A P & W é uma empresa com fortes ligações a Frederico Cardoso, na altura secretário do Conselho de Ministros e actualmente ministro de Estado e chefe da Casa Civil do PR. Assinam o contrato, como gerentes da P & W, Pedro Walter Macedo Neto e Pedro A. de Melo Caldeira.

Portanto, os dois contratos de manutenção do Museu da Moeda custam aos cofres do BNA quase seis milhões de dólares por ano.

Conclusão

Temos um museu com um custo de mais de 80 milhões de dólares e uma manutenção anual de seis milhões de dólares. Pelo seu valor, este é certamente um verdadeiro museu da corrupção e da falta de vergonha em Angola. Este museu é um monumento à pilhagem no país. É o museu da pilhagem.

Fontes do BNA lamentam que a ideia inicial de construção do museu no Talatona tenha sido abandonada, por conta de um esquema do antigo governador Amadeu Maurício que se assenhorou do terreno.
Esse lamento assenta no receio de que tarde ou cedo o museu venha a ser inundado, por se encontrar junto e abaixo do nível do mar, apesar do sistema de bombagem e drenagem de água e resíduos aí instalados. Durante a construção, uma parte da laje havia desabado no acto de betonagem. De acordo com informação verificada por  Maka Angola , as empresas nunca deram uma justificação convincente sobre o sucedido, remendaram a situação e o BNA abafou o caso. Especialistas referem que tal problema levanta dúvidas sobre a solidez da estrutura e a sua durabilidade.

As mesmas fontes criticam também a pobreza do acervo criado pela ComCultura, sobretudo as soluções tecnológicas, muitas das quais não funcionam até hoje.

“Tivemos de forçar a inclusão da figura de um escravo no acervo, como moeda de troca, porque os consultores portugueses pretendiam ignorar esse lado da nossa história, como se não tivesse havido comércio de escravos”, desabafa uma das fontes.

Com os valores aqui apresentados, basta olhar para a exposição permanente e ver a grande aldrabice que é.

Segundo um ex-assessor presidencial, José Eduardo dos Santos manifestou-se chocado quando soube o valor final da obra, recusando-se a inaugurar a obra por mais de um ano.
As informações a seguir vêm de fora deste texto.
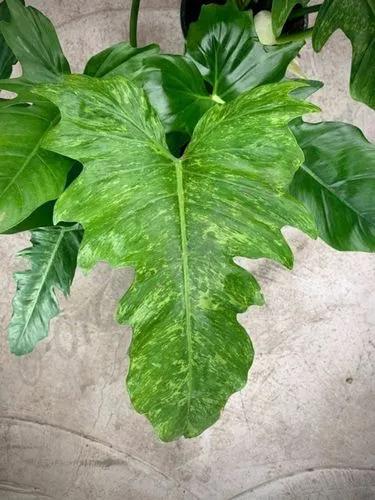 Philodendron 'golden Dragon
De acordo com o ex-assessor, este caso, entre outros, foi a gota de água que levou à demissão de Massano. Porque o governador do BNA tem um mandato de cinco anos. Regra geral, os mesmos são demitidos “a seu pedido”. Foi assim com Massano, José Pedro de Morais e Valter Filipe. Foram todos exonerados “a seu pedido”, com ou sem pedido.

Convidamos os leitores residentes ou de passagem por Luanda a visitarem o museu, no largo do BNA, para verem com os próprios olhos o valor da corrupção e do esbanjamento e manifestarem a vossa indignação.

O que não se compreende é que o actual presidente, um “combatente contra a corrupção”, tenha repescado José de Lima Massano para ser novamente governador do BNA. Como pode ter ido buscar uma velha raposa para guardar o “galinheiro” do povo, que é o Banco Nacional de Angola? O que significa isso para a luta contra a corrupção? Qual é o plano?